When I read biased and inflammatory articles about Israel, I often write to the editor to provide an opposing viewpoint. Since there are usually two sides to every story, I write about the Israeli perspective. This time, however, confronted with Mr. Parrish’s incredible caricature of the events unfolding in the West Bank [“Under Siege,” April 11], I am not sure how to respond. On the positive side, I can say that Mr. Parrish certainly has the command of many adjectives and has mastered the hackneyed rhetoric of victimologists who write with an agenda rather than with the rules of journalism in mind.

Instead of responding to Mr. Parrish’s article, which is based on reports gathered from Palestinian propagandists, I wish to paint a scenario for your readers. I hope you will indulge me.

Imagine if you will, that Schenectady is a Native American reservation. The people living there tell you that you are on their land and they want it back. They maintain that as descendants of European settlers who stole their land, you have no right to be there and have no historic ties to it. (This element of the scenario is pretty strong because Jews at least have a historic interest in Israel).

It’s Friday night. You just finished your ropa vieja at Justin’s and you decide to walk to the Larkin to hear some music. As you reach the home of the Lark Street psychic, there is a massive explosion. Justin’s, brimming with people, some of whom you know personally, is destroyed. Many die, many others are wounded. You rush back to Justin’s and see the devastation. Blood and body parts are everywhere. You think to yourself how lucky you are to be alive. You are also traumatized for life.

Two weeks later, you are waiting for the Central Avenue bus. After all, you are an environmentalist and a proponent of mass transit. As the bus approaches the stop, it explodes into a fiery wreck. No survivors.

As the bombings become more frequent, you ask yourself some questions. Is it safe to dine on Lark Street anymore? Is it safe to get on a bus? You decide that life must go on.

One Sunday, you stay home to read The New York Times and do the crossword puzzle. You turn on the television. A bomb has just exploded at Crossgates Mall—20 dead, 80 wounded. What do you do? Months have gone by and there is no end to the terror. You are afraid to go out anymore. You have lost friends and family. Children are being killed. You tried negotiating, but the Native Americans walked away from the table. Should you give up your home and move back to Ireland? Or do you ask your government to stop the terrorism?

Michael Kohn

To the Editor:

It is sad that Metroland has jumped on the bandwagon of those who seek to demonize Israel. It is to be expected that Arab and Muslim propagandists will spew forth their lies and their hatred for Israel. It is disappointing, however, that otherwise liberal and compassionate people throughout the world have been so quick to believe them and join in the hue and cry [“Occupational Hazards,” April 11].

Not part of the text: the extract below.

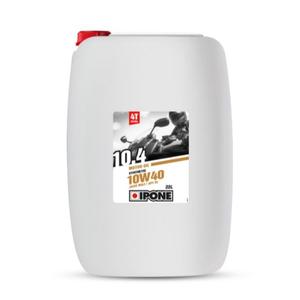 Motorolie Ipone 10.4 10W40 22 l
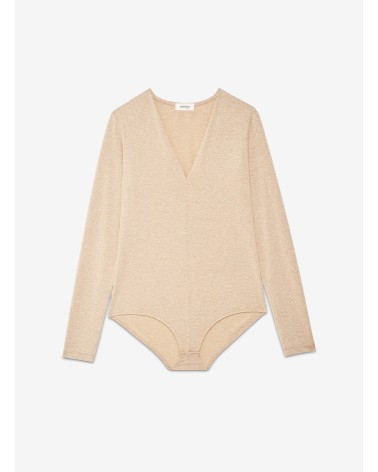 Body OTTOD’AME avec encolure en V Ottod'Ame - 12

The anti-Israel propaganda has served also to blur the line between anti-Israel sentiment and anti-Jewish sentiment. It is not surprising that the anti-Israel propaganda has led to a resurgence of anti-Jewish violence throughout the world, with arson, bombings, desecration and physical attacks increasing against Jewish institutions and people in France and other countries. Are these precursors of a new Holocaust to be visited on the Jewish people?

The continuing bloodshed in Israel is deplorable. However, years of negotiations with Arafat and his ilk have shown that he and they are unwilling and unable to control Palestinian terrorists. Their ultimate aim continues to be the complete destruction of Israel.

I am reminded of Hitler in the 1930s, who, at every stage of his progressive domination of his neighbors, promised peace if only the world would allow him his latest takeover. I remember newsreel pictures of Neville Chamberlain waving a paper signed by Hitler, “guaranteeing peace in our time.” The world knows how valueless that piece of paper was. We have seen how equally valueless have been Arafat’s promises to stop the present terrorism.

When the United States suffered acts of terrorism on Sept. 11, prompt military, political and economic actions were taken against the source of that terrorism. Israel has suffered from years of terrorism. Why does the world condemn it for striking at the root of the evil?

Arnold Grushky


To the Editor:

I thoroughly enjoyed your April 11 issue, starting with the cover on Mother Judge. It’s about time she got some recognition for all that nurturing of the local music community that she has been doing for so long [“Maternal Flame”]. Bravo, Caroline!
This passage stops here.